Schaut man sich die Planungen für die anderen beiden Tram Express-Linien (T12 und T13) an, merkt man, dass man sich wohl diesen Schwächen bereits bewusst ist. Dennoch ist es für mich absolut unverständlich, wieso man für das neue Kind nicht auf Bewährtes zurückgegriffen hat. Die T2 ist de facto ebenfalls eine Tram Express, zwar auf ehemaliger Eisenbahninfrastruktur gebaut und keine eigene Neubaustrecke, aber abgesehen davon sind die Voraussetzungen und die Charakteristik ähnlich: Hauptsächlich eigener Gleiskörper, lange Stationsabstände, hohe Reisegeschwindigkeiten, kaum Kreuzungen mit dem Individualverkehr. Es wäre nur konsequent, diese ebenfalls als Tram Express zu führen. Hingegen wurde bei der T2, die ja von der städtischen RATP betrieben wird, auf die oben genannten Details geachtet: Dort gibt es niveaugleiche Übergänge, dort wurde auf kurze Wege geachtet sowie als offenes System ohne Bahnsteigsperren ausgeführt. Einzig die klassischen Citadis sind dort fehl am Platz, die Querschläge und die Geräuschekulisse bei hohen Geschwindigkeiten eher unangenehm.

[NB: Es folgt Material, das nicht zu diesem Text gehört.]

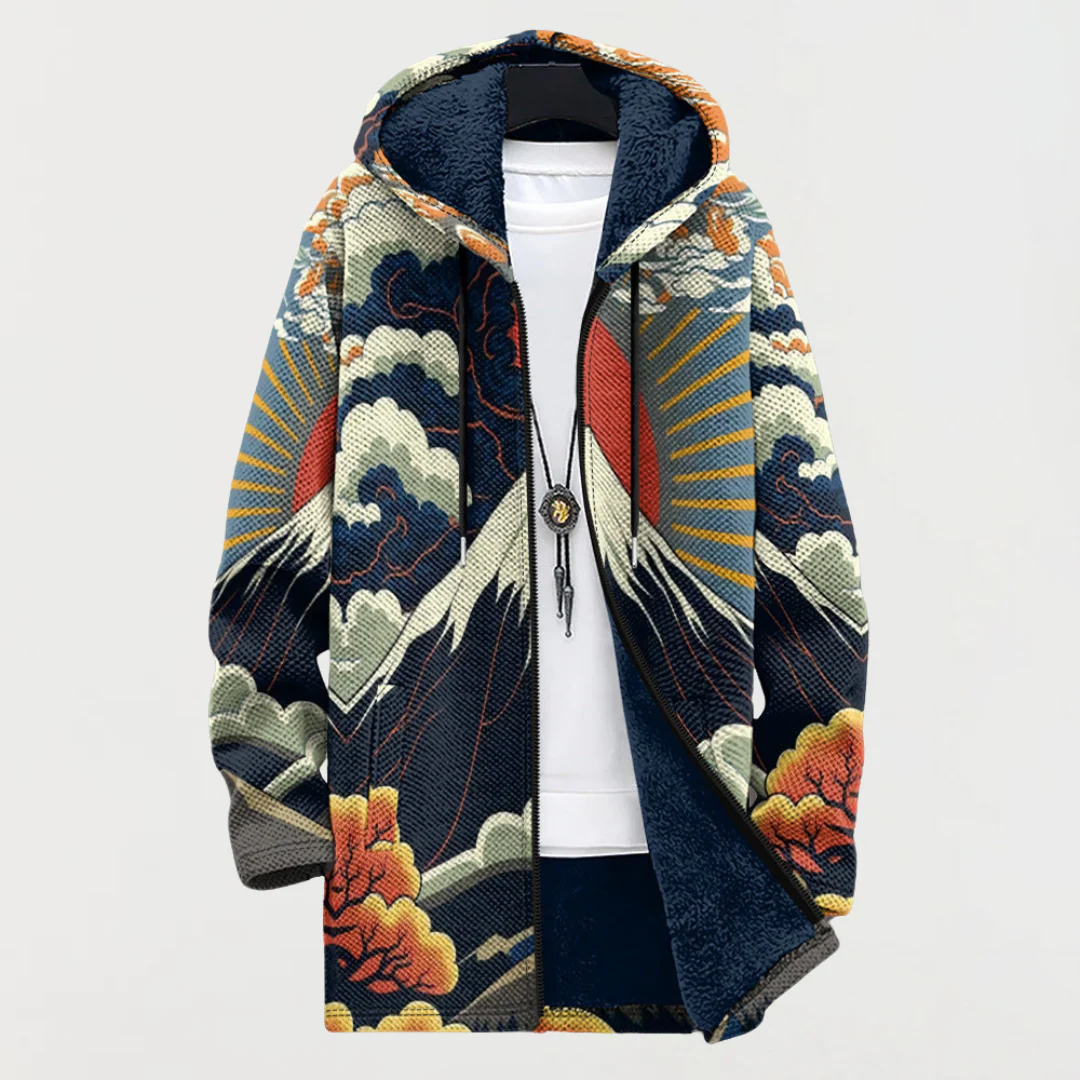 Catherine | Artistic Hooded Jacket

Man hat das Gefühl, die SNCF haben bei der T2 gesehen, dass (Quasi-)Eisenbahnstrecken, welche sie längst abgestoßen haben, ohne sie besser gebaut werden können und wollten wohl diesen Präsidenzfall nicht wiederholt sehen: Schon bei der T4 hat man sich wieder ins Spiel gebracht, bei den eher imageträchtigeren Grand-Paris-Projekten, zu denen die Tram Express auch zählen, dann erst Recht. Zumindestens gewinnt man diesen Eindruck.
2024 soll es im Osten weitergehen, 2027 im Westen. T12 und T13 sollen 2025 fertig sein. Diese werden allerdings wiederum teilweise auf herkömmlicher, teilweise aktiver, teilweise reaktivierter Eisenbahninfrastruktur verkehren und als Straßenbahn weitergeführt (wie die T2 bzw. als echte "Tram-Train").
Kleines Detail am Rande: Der dortige Aufgabenträger für das Pariser Umland, also die STIF/Île de France Mobilites, führt nun eine Verbundlackierung ein – auch auf innerstädtischen RATP-Fahrzeugen und natürlich auf den Citadis Dualis der SNCF. Einen der dieser konnte ich aus dem TGV im Technicentre Tram-Train erspähen (mit Rolling-Shutter-Effekt
). Die restlichen Bilder entstanden in Le Bourget (1, 2) und Villetaneuse-Université.